By early 1980, nearly all of the tracks that would make up Closer were at least half-written. “I’d say they were all written,” reckons Hook, “but then Martin [Hannett] got involved in adding more parts.”
“We’d all do our own thing,” says Sumner. “We didn’t really jam, we didn’t talk to each other about it. It was a pleasurable time, but with a certain uncertainty about Ian, because of his health. We’d finally got where we were aiming for, and America was beckoning. We were on the cusp, we were fantastic live. But on the other hand, we worried about Ian’s fits.”

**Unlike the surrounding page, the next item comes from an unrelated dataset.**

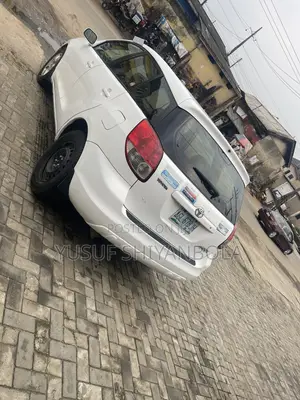 Toyota Matrix 2004 White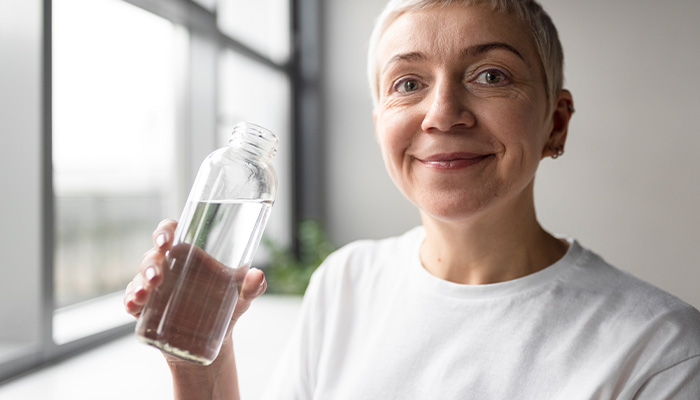 Uống nước nhiều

Curtis’ epilepsy had started affecting Joy Division shows seriously when the band toured with the Buzzcocks in October 1979. “Really, we should have stopped then, but we didn’t, we just carried on,” admits Morris. In January 1980, the band made a chilly tour of the Netherlands, Belgium and Germany, unveiling some putative versions – untouched by Hannett – of the Closer material. With a comical austerity typical of the band, their haircuts were administered by Rob Gretton.
Six more UK gigs in February followed, before the band returned to where they’d recorded Unknown Pleasures, Strawberry Studios in Stockport (owned by 10cc and disapproved of by Sumner: “We didn’t like the sound in there, it was real ’70s gear, carpets on the wall. Everything was dead”) for a first attempt at one of the new songs. “‘Love Will Tear Us Apart’ came about due to the bass riff,” says Hook, “and me and Steve getting the backing track. There’s hardly any keyboards and on the first version there’s hardly any guitar. It was written quite simply.”
Morris: “Martin [Hannett] was into sonic experimentation. It was, ‘Fuck what the band want.’ He wanted to make a classic record. ‘Love Will Tear Us Apart’ is best described as a war of attrition. You’d do it, then you’d think you’d done it, and then you’d do it again and again and again…”
Sumner: “We were unhappy with the results. It was this constant to-ing and fro-ing with Martin. We all thought his production on Unknown Pleasures was really interesting, but it just didn’t catch the power of the band live. Peter Hook and I were keen for it not to happen again. We were constantly pushing him to make the sound more powerful.”
Hook: “Tony felt the songs we were writing were slower and darker, which I think you can safely say Closer is. I don’t know whether it was half in jest, but Tony suggested Ian listen to Frank Sinatra. And then Rob went out and bought him some Sinatra records and Ian did get into listening to Sinatra, which was quite funny. Quite nice, actually.”
Sumner: “We were at our friend Jasmine’s house in Walthamstow, before we got the ferry to go out to Europe [for live dates], and Frank Sinatra came on the telly. Ian said, ‘Frank Sinatra’s great.’ Either me or Rob went, ‘No, he’s shit.’ ‘No, he’s great.’ ‘No, he’s fucking SHIT!’ ‘You don’t know what you’re talking about, he’s fucking GREAT!’ And the whole argument escalated… I think Ian sang like Frank Sinatra on ‘Love Will Tear Us Apart’ to fuck us off.”